Taking a Break From Freelancing
Freelancing seems like a dream come true — you call all the shots and have the freedom to do work according to your own time.
Unfortunately, being your own boss can be a curse as well. On one hand, you could have so many projects lined up that you have to work all-nighters just to meet the deadlines. On the other, business might be drying up and you’re sucked into working every single day to pay the bills, wondering when the next paycheck will come.
Over time, you start producing substandard work due to loss of motivation, resulting in unhappy clients who won’t hesitant to leave you for your competitors. You then have to work even more hours to keep your business afloat. It’s a downward spiral into stress and depression.
In the end, you realize that you have devoted all your available time to earning money — so much so that you miss out on the simpler things in life. Freelancing is no longer about passion for you, and has become no different than an office job. Even worse, with no set hours, there’s nothing to stop you from overworking and burning yourself out.

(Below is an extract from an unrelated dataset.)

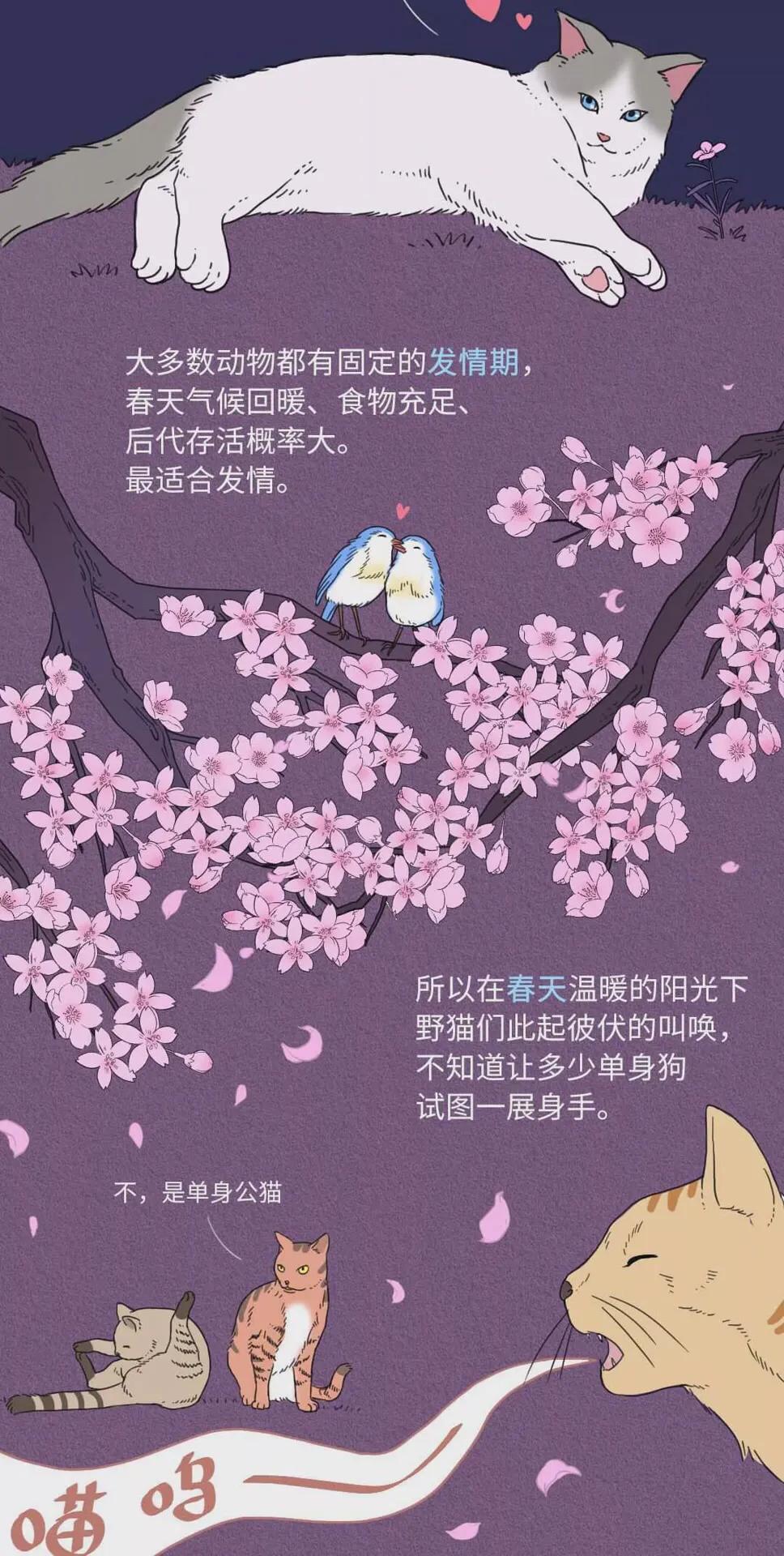 为什么人类365天总想着啪啪啪？？致那些全年无休的有趣年轻人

Understand that you’re no good to anyone or anything without first and foremost being good to yourself and your well-being. Remember, the reason you went into freelancing is for the independence and the flexibility to manage your own time — including knowing when to take a break. And it doesn’t have to be a vacation; even a few minutes from your workstation will do wonders for your physical and mental health.
In your daily schedule, consider taking a break in the afternoon. By dividing the day in half, tasks will seem more manageable. You should also take a few minutes of rest after every few hours of working to recharge your body and mind.
However, taking a break doesn’t mean you lounge in your couch and do nothing. Instead, consider an activity such as exercise. Working up a sweat alleviates your stress levels, improves your overall brain performance, boosts creativity and gives you a happy buzz by releasing endorphins to your brain.
Meditation is also an effective way to achieve peace of mind, greater focus and creativity. It only takes a few minutes every day, but the benefits can be life changing. If you want to learn more about meditation, be sure to check out The Meditation Beginner’s Bible.
The bottom line is that you incorporate activities into your daily routine that are beneficial to your well-being.
It’s easy to fall into the trap of working every single day of the week, and use weekends as time to push yourself ahead of deadlines. However, there is a reason why many institutions follow the typical workweek and weekend. The two days of rest recharges your brain and body, boosting your productivity in the long run.
Consider taking weekends off to spend time with friends and family. Since you usually work alone as a freelancer, it’s important to maintain healthy social relationships so you don’t get shut out from the outside world. Your loved ones can also provide an listening ear and encourage you when you’re down.
Even if weekends aren’t an option for you, make sure to have at least have one rest day every week.
No graphic designer can work 365 days a year and still churn out great designs. The same goes for you. It’s important to schedule out periods of time in a year for vacations — just be sure to let your clients know in advance that you will be away and unreachable. Planning ahead also gives you something to look forward to, giving you the motivation to finish your projects on time.
If you aren’t able to leave your work completely, you can do a working trip. After all, the beauty of freelancing is that you can work anytime and anywhere. However, inform your clients about your plans beforehand they know what to expect. In addition, consider a 80/20 approach: spend 80% of your time on vacation and 20% working on your projects.
It’s a good idea to have some savings so you don’t have to worry about money while on a vacation. As a cheaper alternative, consider staycations, which are holidays spent locally instead of abroad. A staycation is not only inexpensive, but also involves less planning and travel stress, while providing the same benefits as a vacation.
It’s never a bad idea to try out activities and explore places that will inspire you as a graphic designer, whether you’re on a vacation or staycation. For a start, design museums are great to get your creative juices flowing.
With all the suggestions above, the important takeaway is that you give yourself some time to relax and regroup. Learning to take a break from freelancing goes a long way to ensure success in your career by improving your productivity, mental health and creativity.
Work-life balance can be hard to achieve when you’re your own boss. However, sometimes you just have to put your work aside, and set boundaries with clients that they would respect in order to get your life back.
In another situation, a client might be so difficult to deal with that you just want to give up. Here is when you should take a break and reassess your priorities. Emotions can get in the way of professionalism, and you don’t want to do or say things that will cost you a valuable relationship.
There will also be times when life just doesn’t go your way. You might have had an argument with a loved one or suffered a personal tragedy. When you’re emotionally unstable, it’s impossible to do good work. Taking a break will calm your nerves and realign your mindset.
At the same time, you have to differentiate between taking a break and procrastination. While it’s important to relax, the way to success is to keep moving forward. Ultimately, you have the responsibility to meet deadlines, manage your time, avoid procrastination, and take enough breaks so you don’t burn yourself out.
Taking a break is very important to your long-term success as a freelance graphic designer. With discipline and the right attitude, you will be able to work hard and play hard whenever and wherever.